▸ Data section
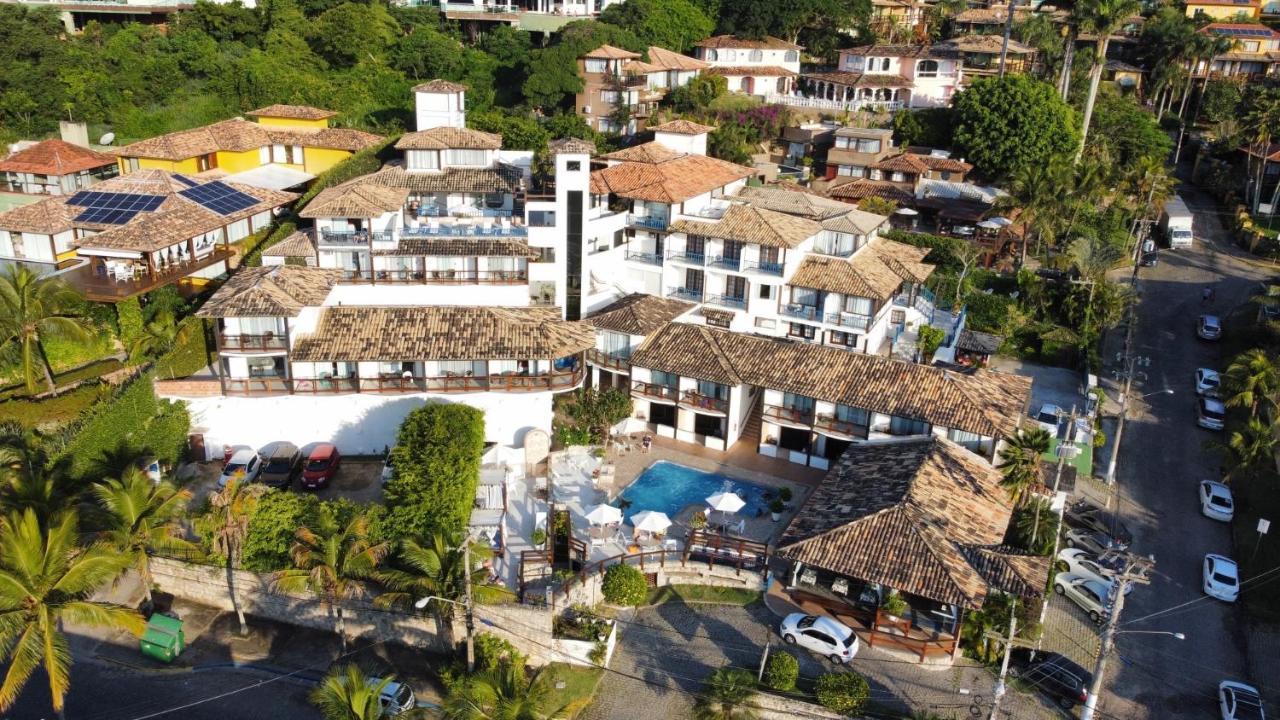 Coronado Beach Hotel Búzios Esterno foto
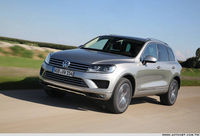 讓VW Touareg從此為你的生活注入達卡精神(19p)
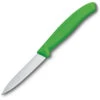 Couteau D'office Victorinox 8cm - Code Couleur Vert - CP840 - Victorinox -Materiel Horeca Magasin couteau d office vert victorinox 8cm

▸ Exercise aim
In your copy, include no pictures and only the lines from the line with "讓VW Touareg從此為你的生活注入達卡精神(19p)" through the final line of the listing above, reproduced exactly.

▸ Output of the exercise
 讓VW Touareg從此為你的生活注入達卡精神(19p)
 Couteau D'office Victorinox 8cm - Code Couleur Vert - CP840 - Victorinox -Materiel Horeca Magasin couteau d office vert victorinox 8cm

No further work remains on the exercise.